# [What you should do]
Before you write out the listing, remove the pictures; everything else stays exactly as it is.

# [Data]

↓

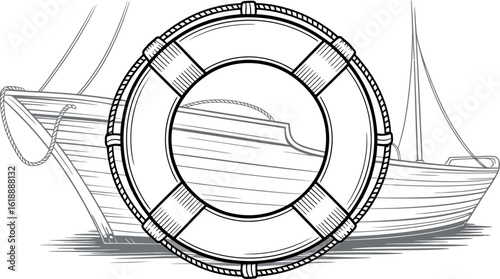 Vintage sketch of a life preserver ring in front of a sailing ship on the water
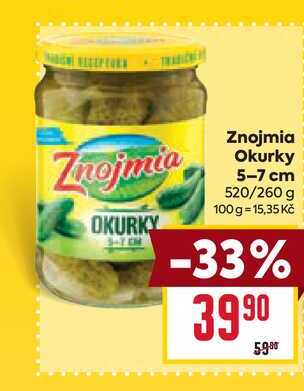 Znojmia Okurky 5-7 cm 520/260 g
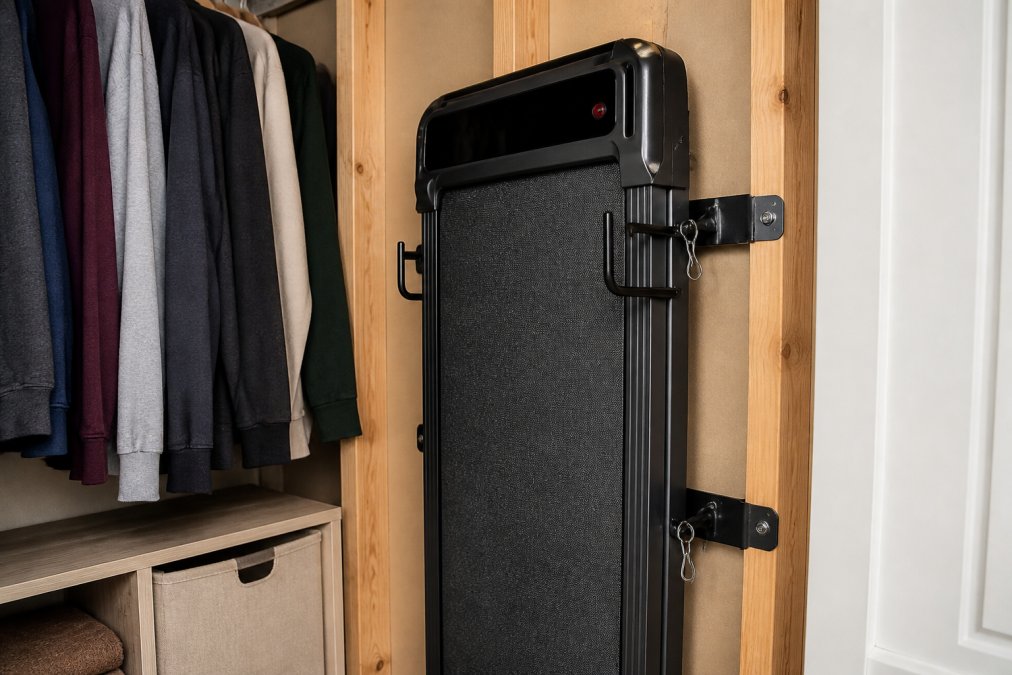 Close-up of a wall-mounted treadmill secured with heavy-duty hooks and safety pins, showing the mounting hardware and structural support in a closet with visible studs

↑

# [Your response]
 Vintage sketch of a life preserver ring in front of a sailing ship on the water
 Znojmia Okurky 5-7 cm 520/260 g
 Close-up of a wall-mounted treadmill secured with heavy-duty hooks and safety pins, showing the mounting hardware and structural support in a closet with visible studs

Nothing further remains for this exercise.